5. There can’t be many snooker commentators who double up as playwrights…are there any difficulties combining the two?
If you’re going to take writing seriously then you have to devote serious time to it. You can’t just do ten minutes here and there. So I had to stop doing Inside Snooker, the website I helped set up, because there wasn’t sufficient time.
In terms of commentating, when I’m doing that I’m totally immersed in it because it involves a fair degree of preparation. When there’s no snooker on I’m able to spend time getting writing done.
6. Are you looking forward to another season of commentary with Eurosport?
Absolutely, and it looks like being the busiest season ever. Eurosport recorded some remarkable audience figures during the World Championship and will be host broadcasters for the new Home series tournaments, so I’m particularly looking forward to those.
The sheer number of new snooker fans around Europe is staggering and what’s refreshing is that they don’t have the obsession with nostalgia and ‘the good old days’ that we often have in the UK. As far as they’re concerned, these are the good days.

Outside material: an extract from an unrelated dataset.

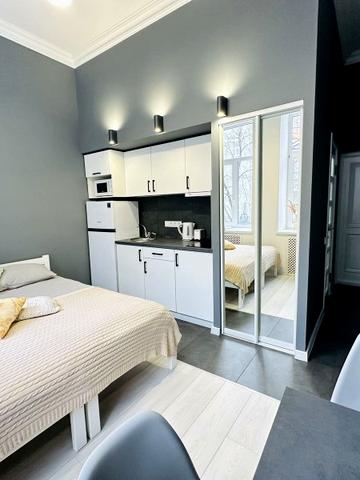 Квартира студия с современным ремонтом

7. Any predictions for the season? Do you think we’ll see the titles shared around again?
I’m sure we will, purely because there are so many of them. These days you could win seven ranking titles and it wouldn’t even be half the amount available to play in. I’m interested to see if the younger players can mount more of a challenge to some of the more established names but I’m sure we’ll see the usual suspects winning titles. Neil Robertson already has in Riga and you’d put money on Mark Selby, Shaun Murphy, Judd Trump and Ronnie O’Sullivan winning tournaments. But there’s also more opportunity now than there’s ever been for players down the rankings to make a breakthrough. It was good to see Anthony McGill win in India. Snooker, like the black pudding industry, needs a steady stream of fresh blood to flourish.
One player I’m very impressed by is Kyren Wilson. He has a rock solid game but also a fine temperament and a really excellent attitude. He shows the sport some gratitude rather than complaining about everything and is clearly determined to do as well as he can for himself. Most importantly, he believes he can do it and I’m sure he’ll be really successful.
I was also pleased to see John Astley return through the Q School after his spell starring in the play The Nap, which I saw at the Crucible in Sheffield. I think being part of that really helped John’s confidence. It suggests professional snooker and the theatre isn’t such a strange combination after all.